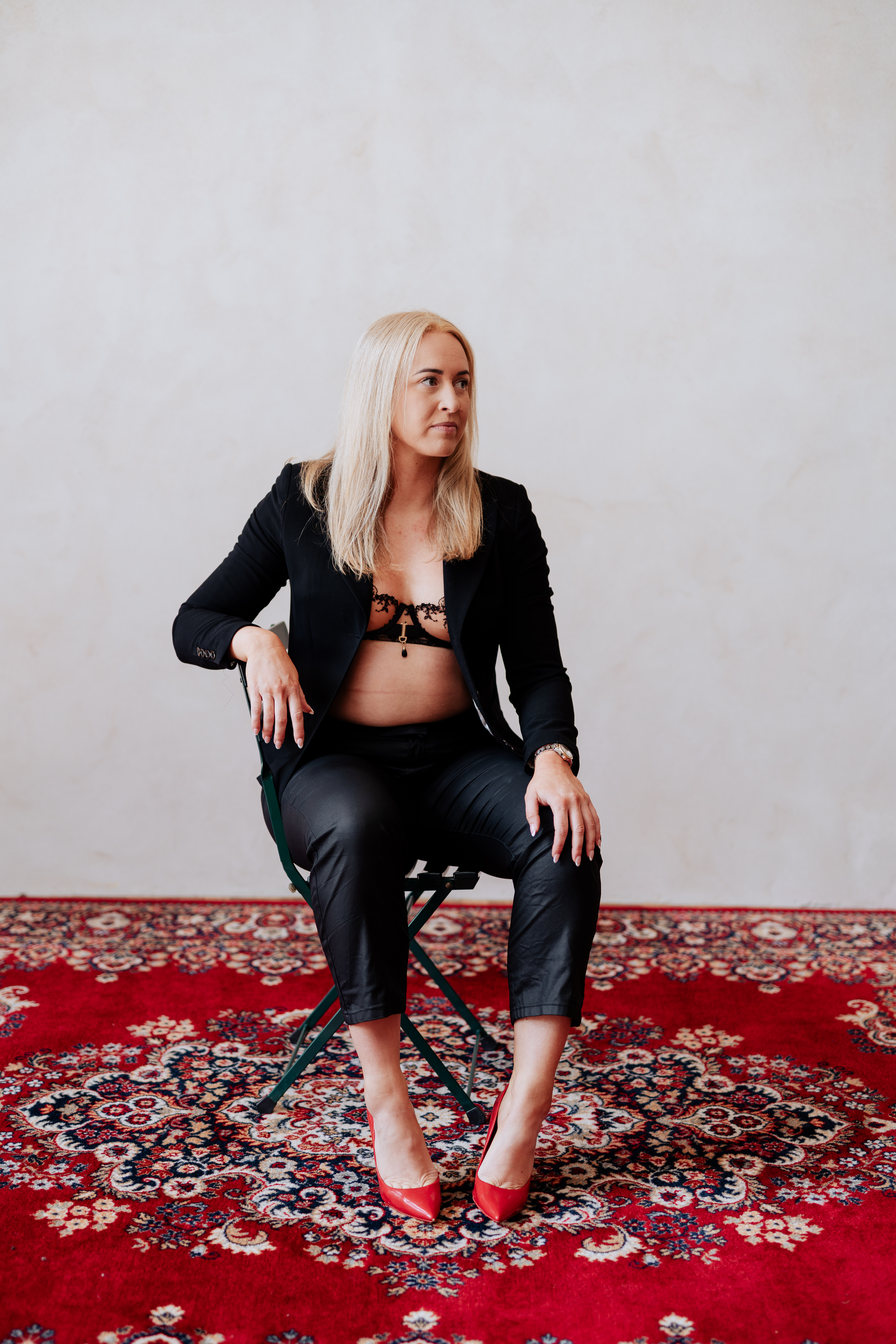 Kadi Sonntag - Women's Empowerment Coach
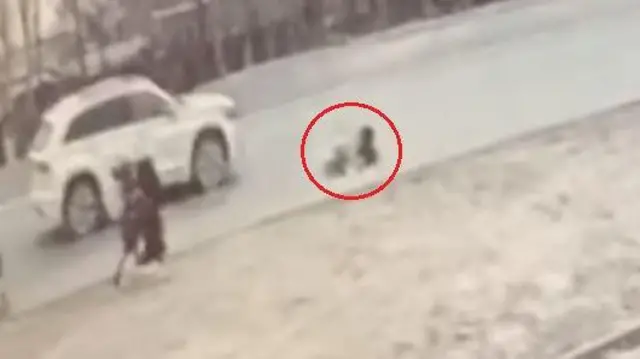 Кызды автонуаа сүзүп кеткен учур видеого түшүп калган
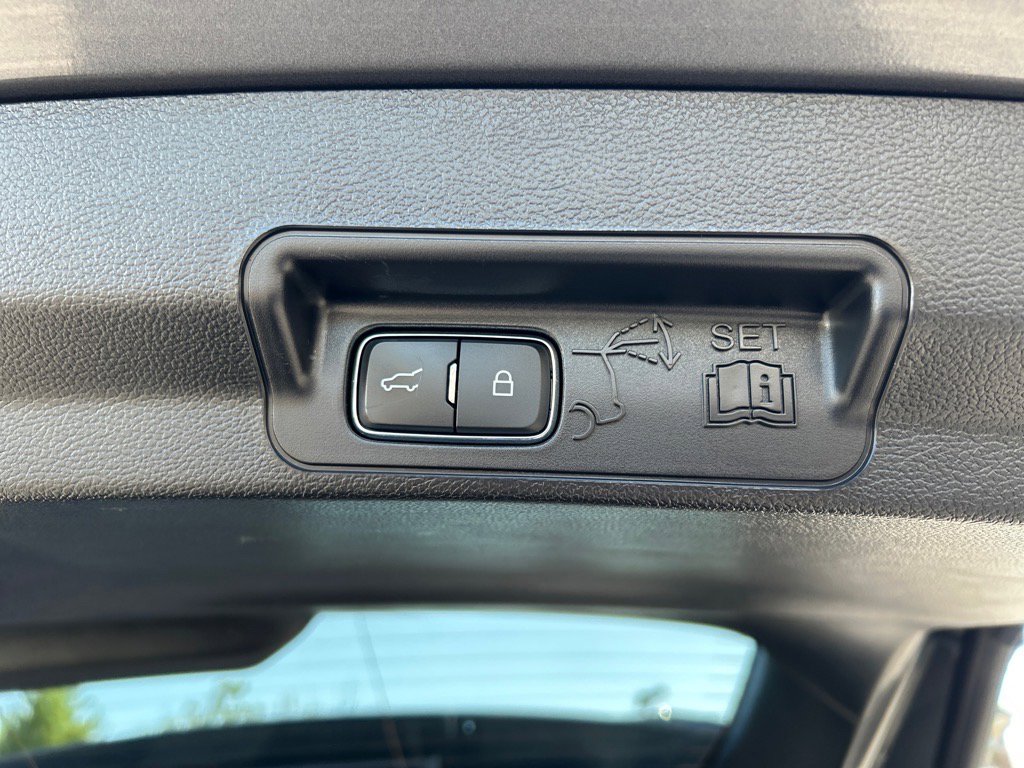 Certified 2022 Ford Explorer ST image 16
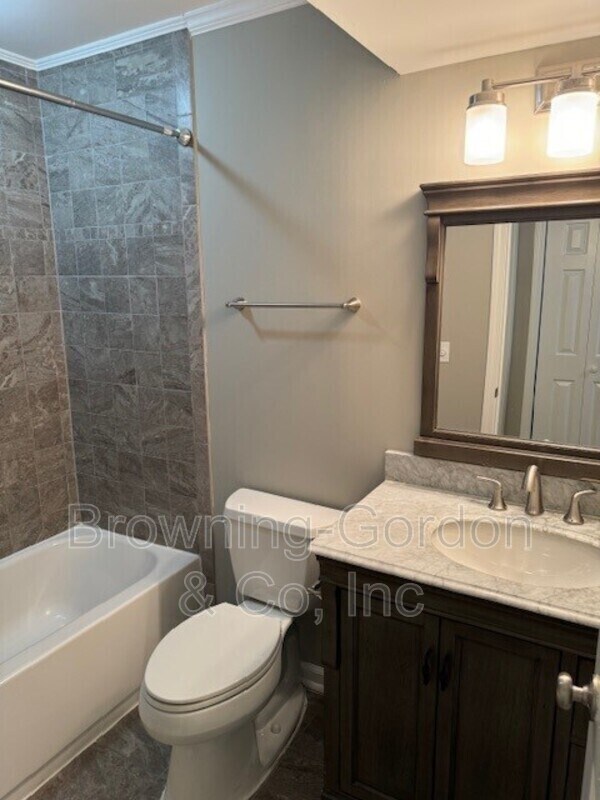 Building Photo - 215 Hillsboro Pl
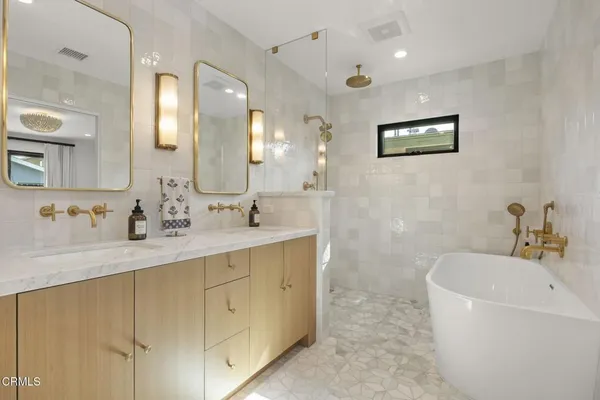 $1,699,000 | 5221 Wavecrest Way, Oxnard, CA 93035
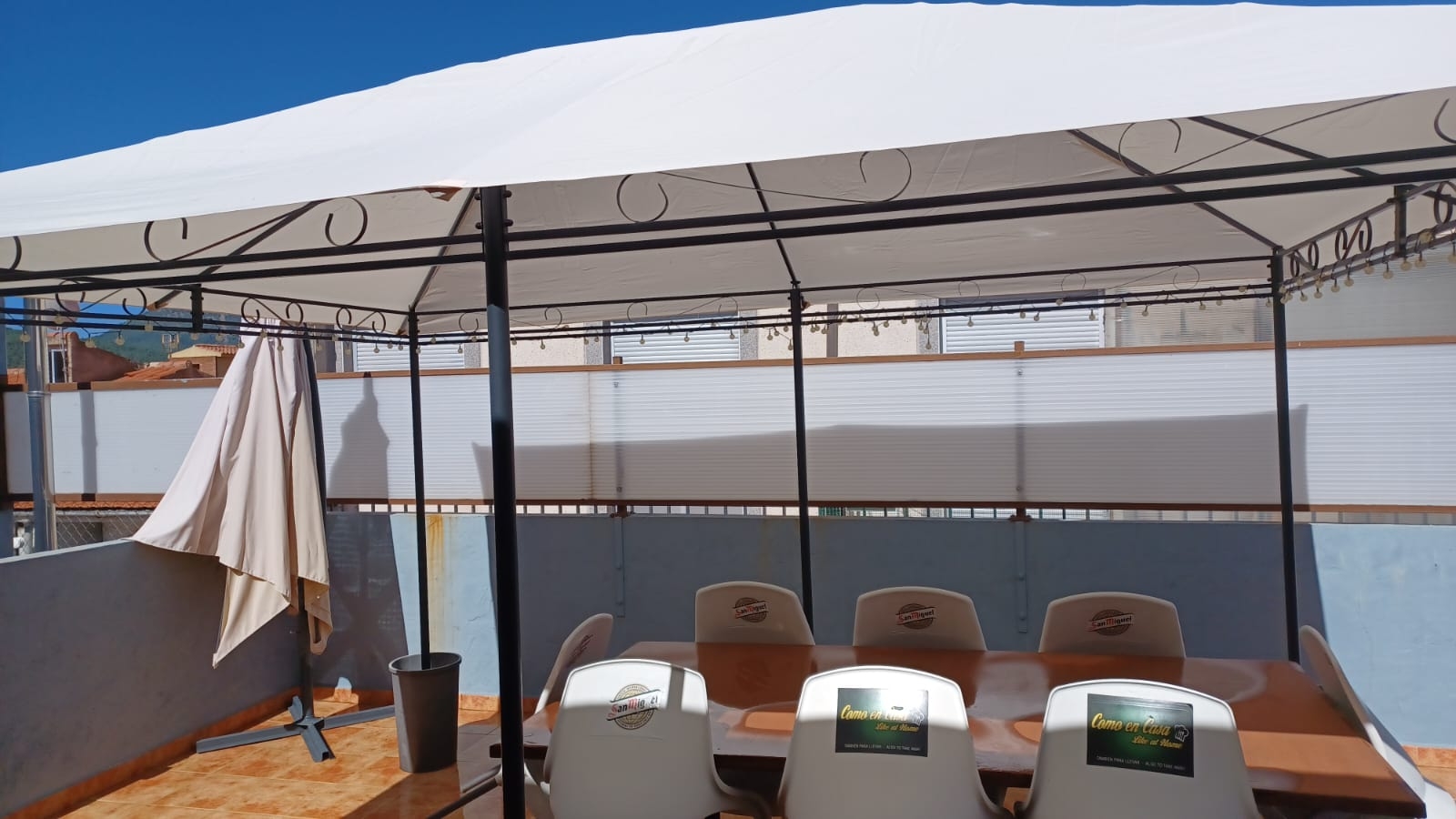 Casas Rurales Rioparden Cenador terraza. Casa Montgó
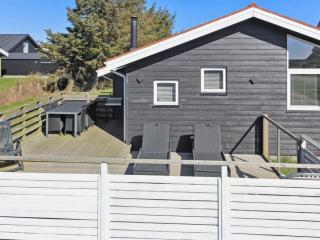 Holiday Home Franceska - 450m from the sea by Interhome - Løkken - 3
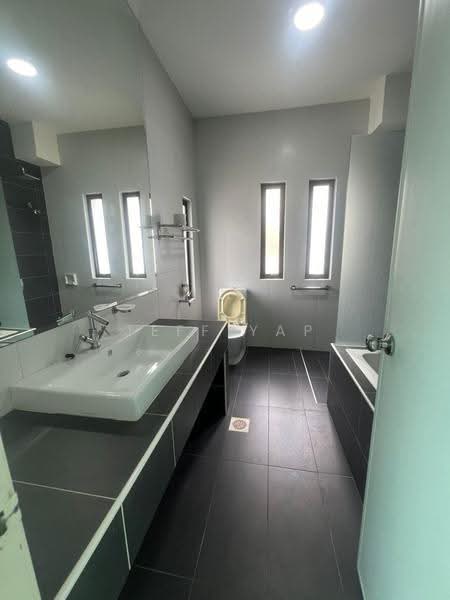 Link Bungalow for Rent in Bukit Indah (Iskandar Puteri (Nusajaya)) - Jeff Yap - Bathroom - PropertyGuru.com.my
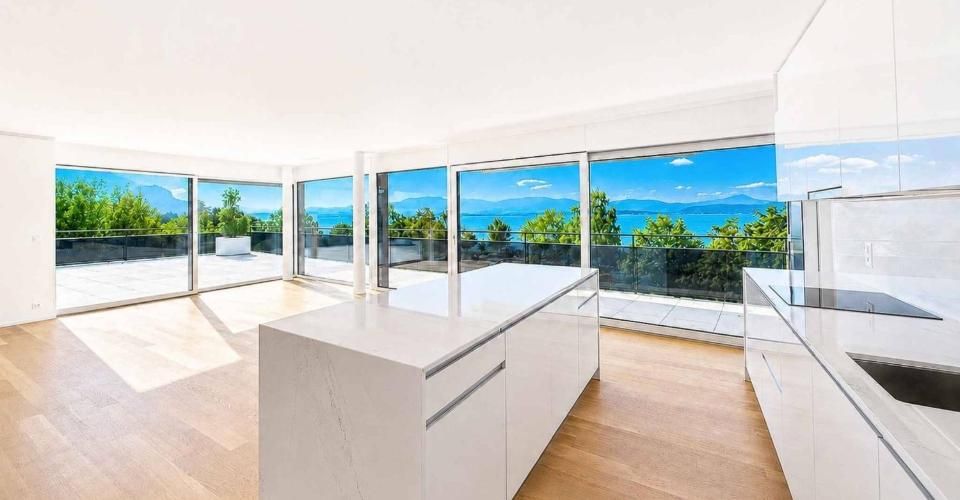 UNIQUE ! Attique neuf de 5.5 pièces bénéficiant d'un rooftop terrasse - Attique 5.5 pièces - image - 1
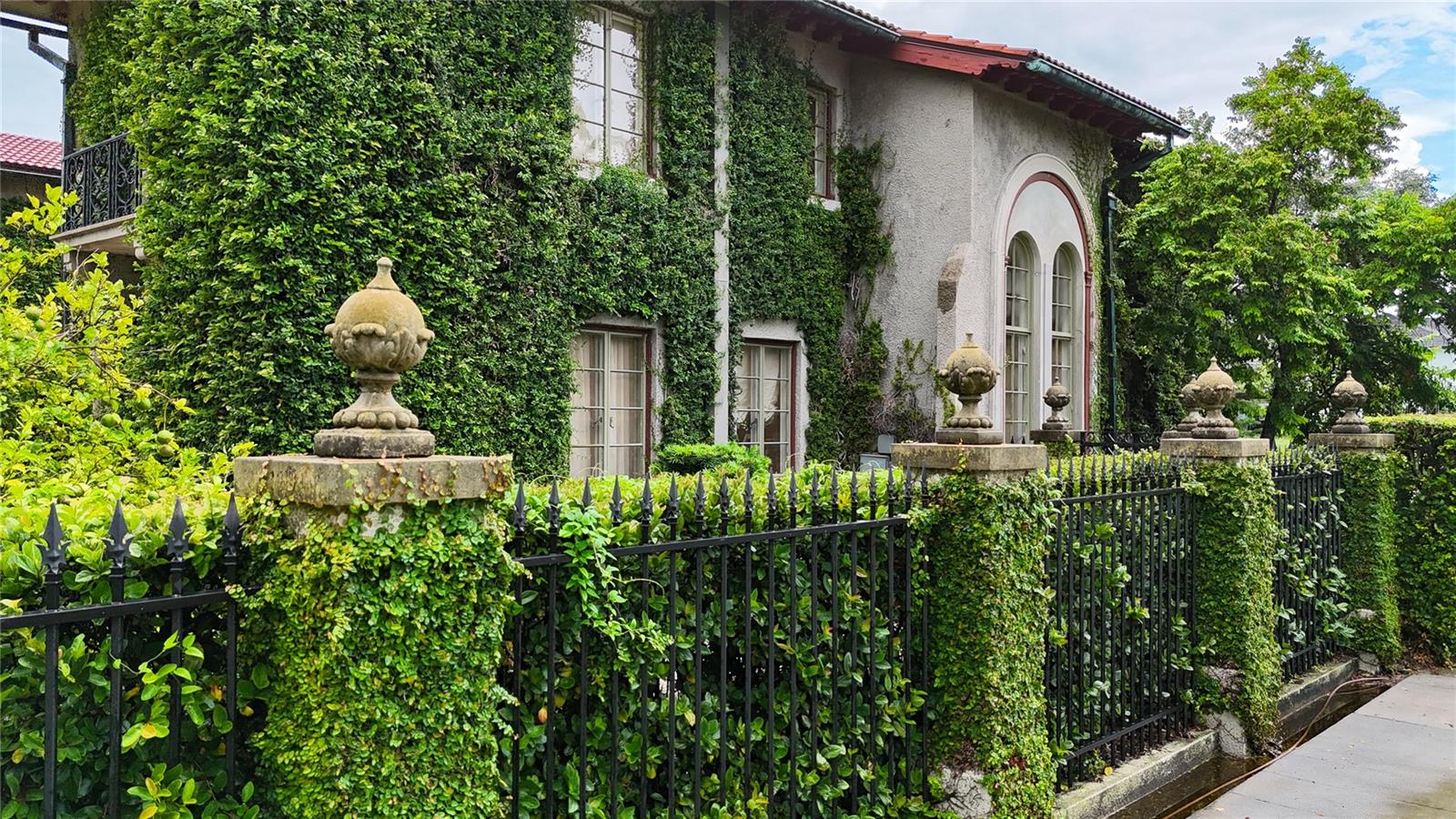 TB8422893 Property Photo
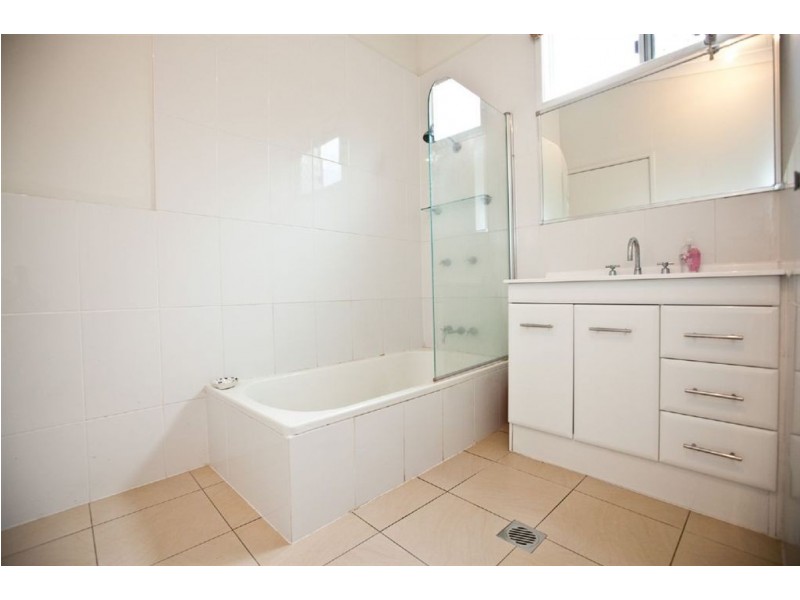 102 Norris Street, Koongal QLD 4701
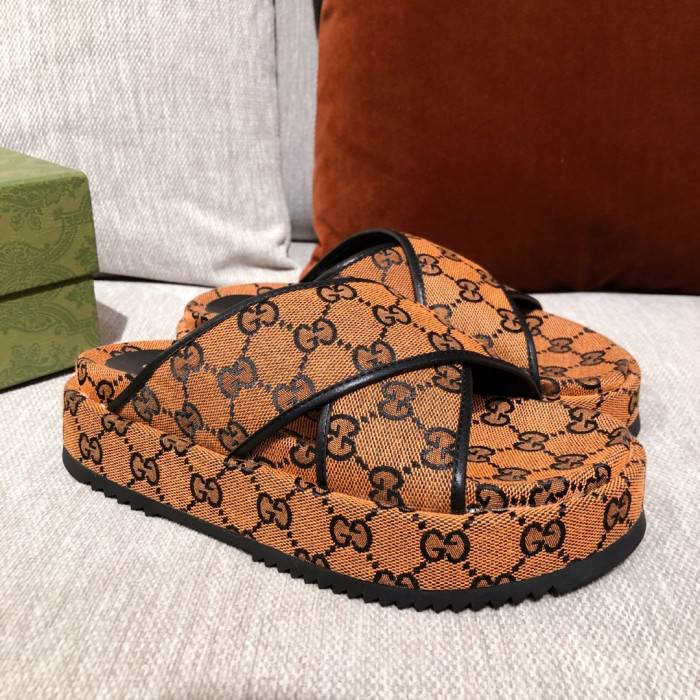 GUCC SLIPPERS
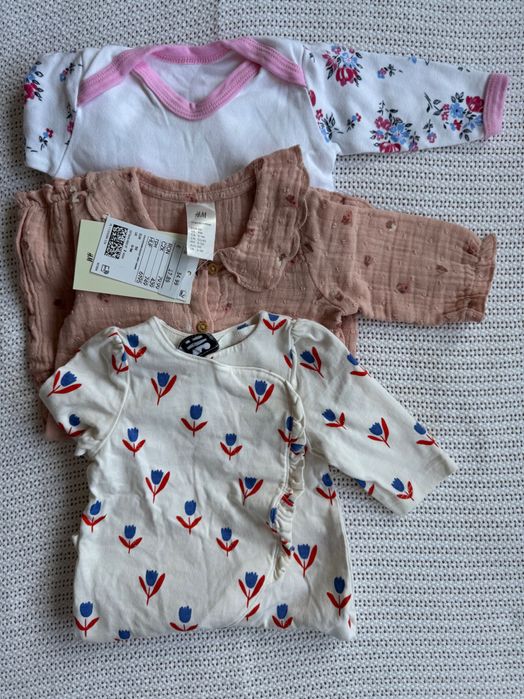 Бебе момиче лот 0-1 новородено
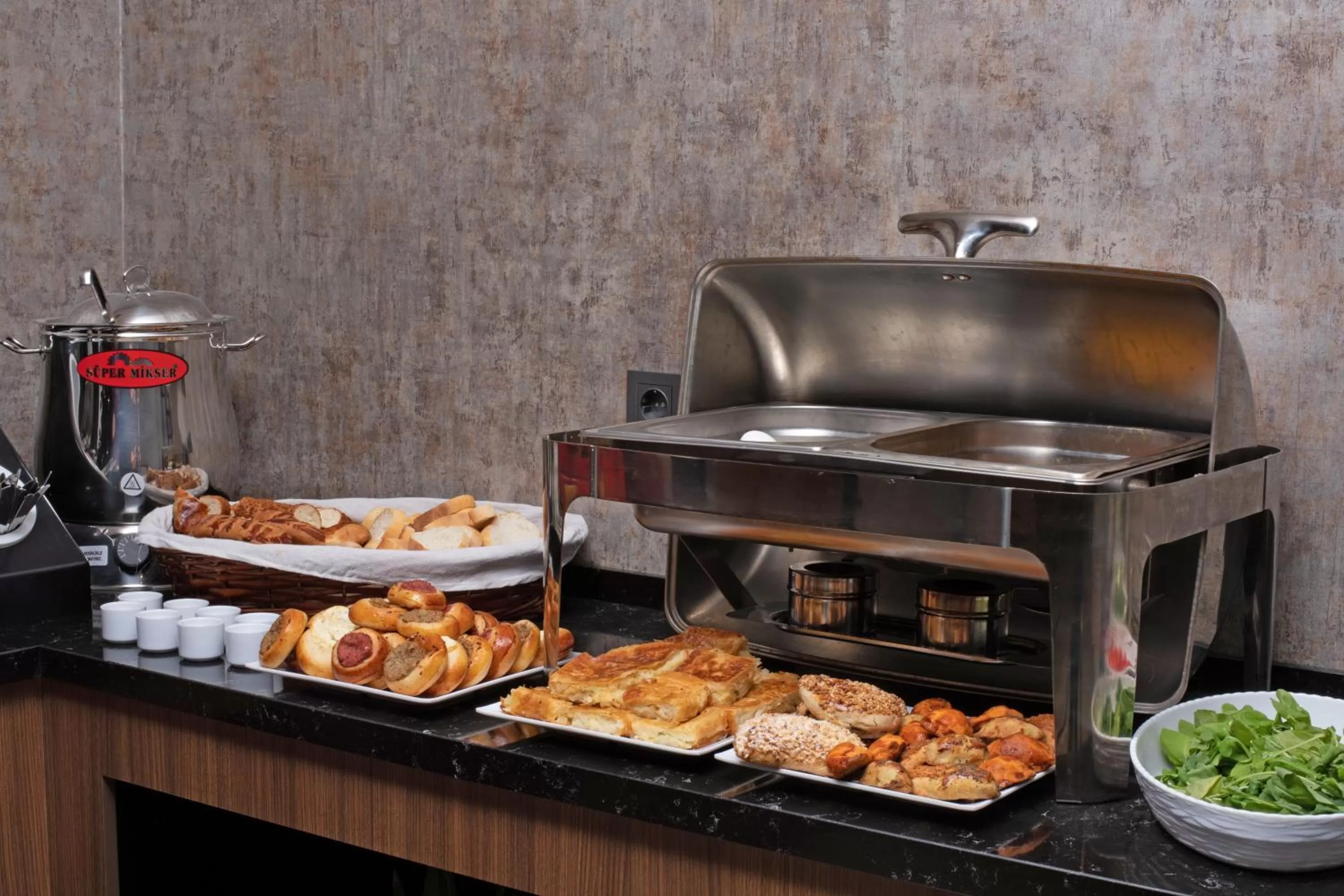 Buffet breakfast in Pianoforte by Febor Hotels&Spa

EXERCISE OBJECTIVE: Because only one stretch of the records is wanted, please output the lines from the one holding "Oxnard, CA 93035" through the one holding "Link Bungalow for" exactly, both included, and leave every picture out.

RESPONSE BOX:
 $1,699,000 | 5221 Wavecrest Way, Oxnard, CA 93035
 Casas Rurales Rioparden Cenador terraza. Casa Montgó
 Holiday Home Franceska - 450m from the sea by Interhome - Løkken - 3
 Link Bungalow for Rent in Bukit Indah (Iskandar Puteri (Nusajaya)) - Jeff Yap - Bathroom - PropertyGuru.com.my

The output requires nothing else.